Problem statement » All lines from the beginning of the listing through the line with "Used 2021 Jeep" are to be copied word for word; the pictures are not.

____________________

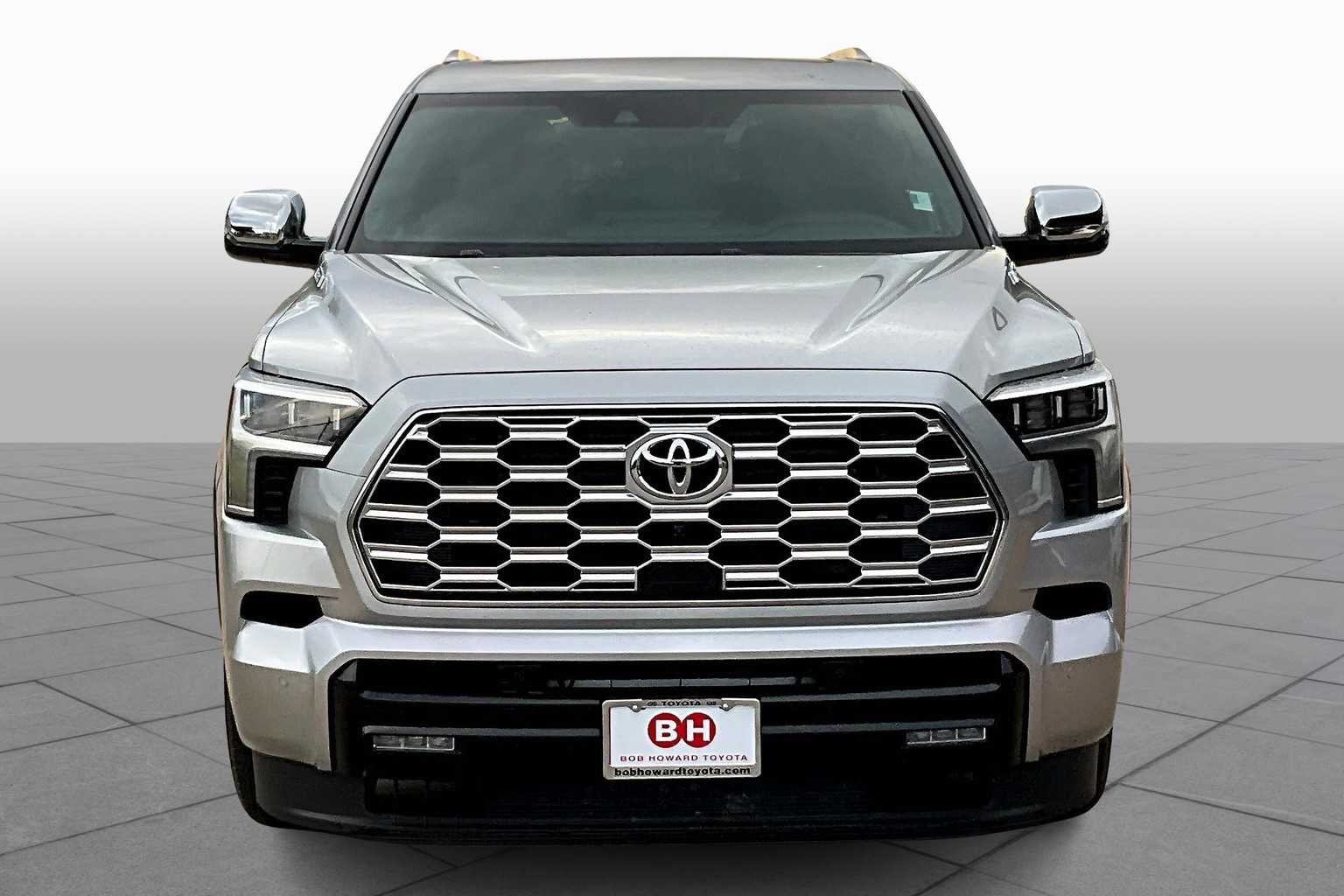 2025 Toyota Sequoia photo 3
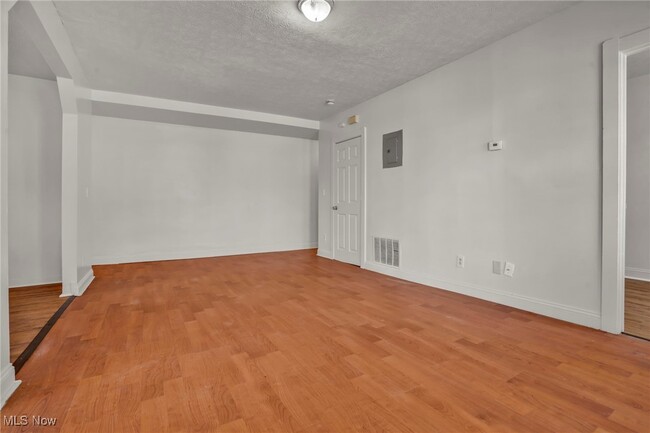 Building Photo - 317 E 156th St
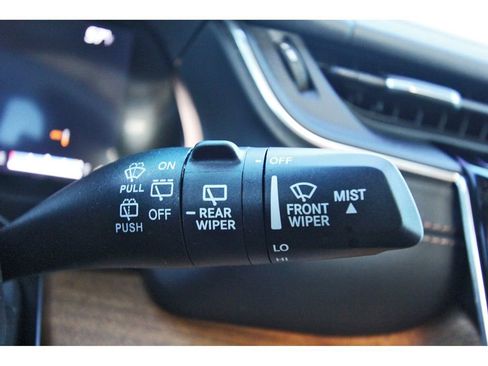 Used 2021 Jeep Grand Cherokee L Summit image 19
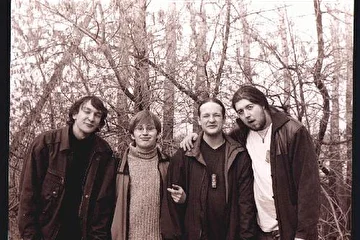 Весна 2003. Всё только начинается. Фотка получила название "Пин-Небослов" - тогда ПИНКОДИЗМ рулил вовсю!!! Кстати, позже на этой же остановке была сделана фотка для обложки дебютного "Летнего альбома".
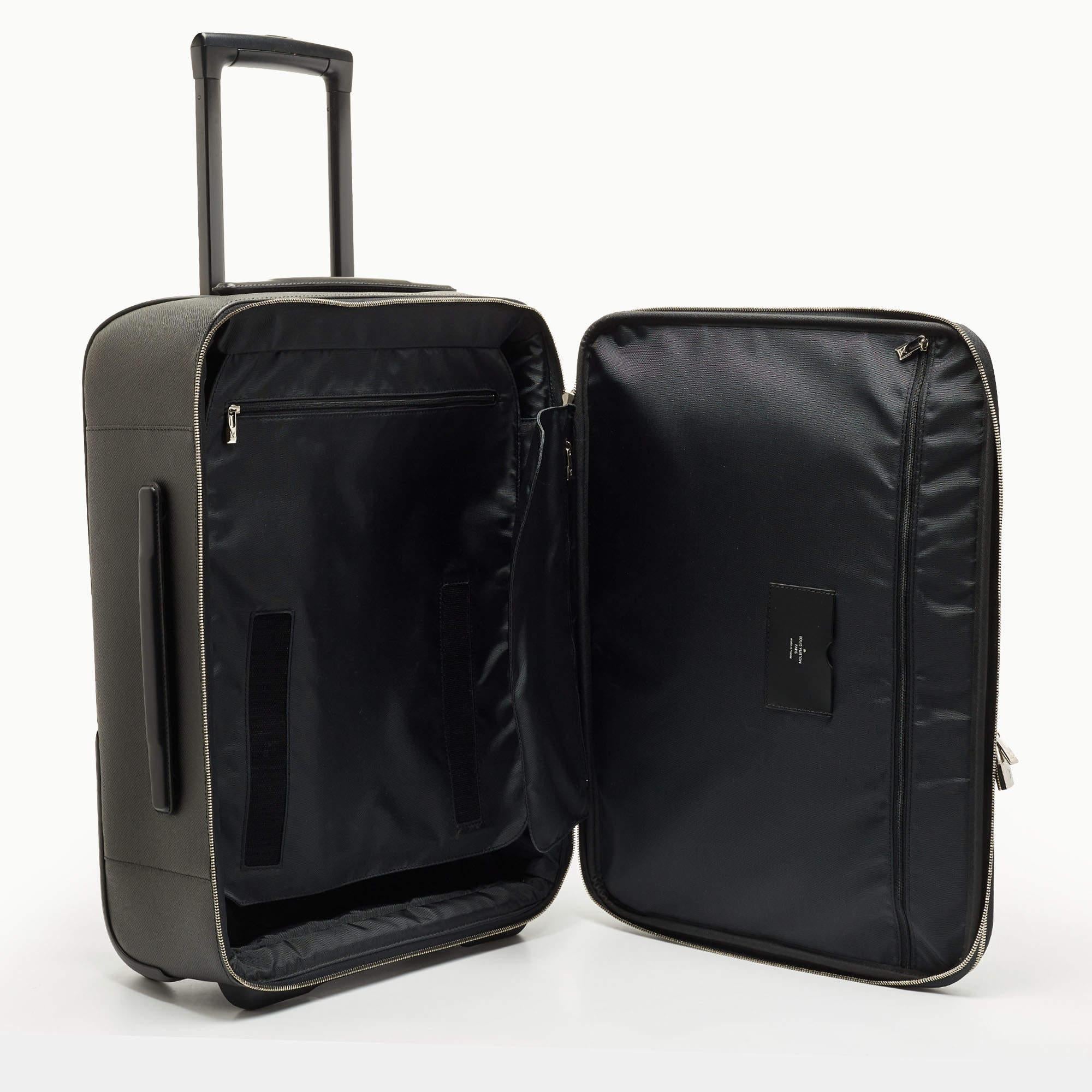 Louis Vuitton Black Taiga Leather Pegase Legere 55 Business Suitcase 14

____________________

The answer »
 2025 Toyota Sequoia photo 3
 Building Photo - 317 E 156th St
 Used 2021 Jeep Grand Cherokee L Summit image 19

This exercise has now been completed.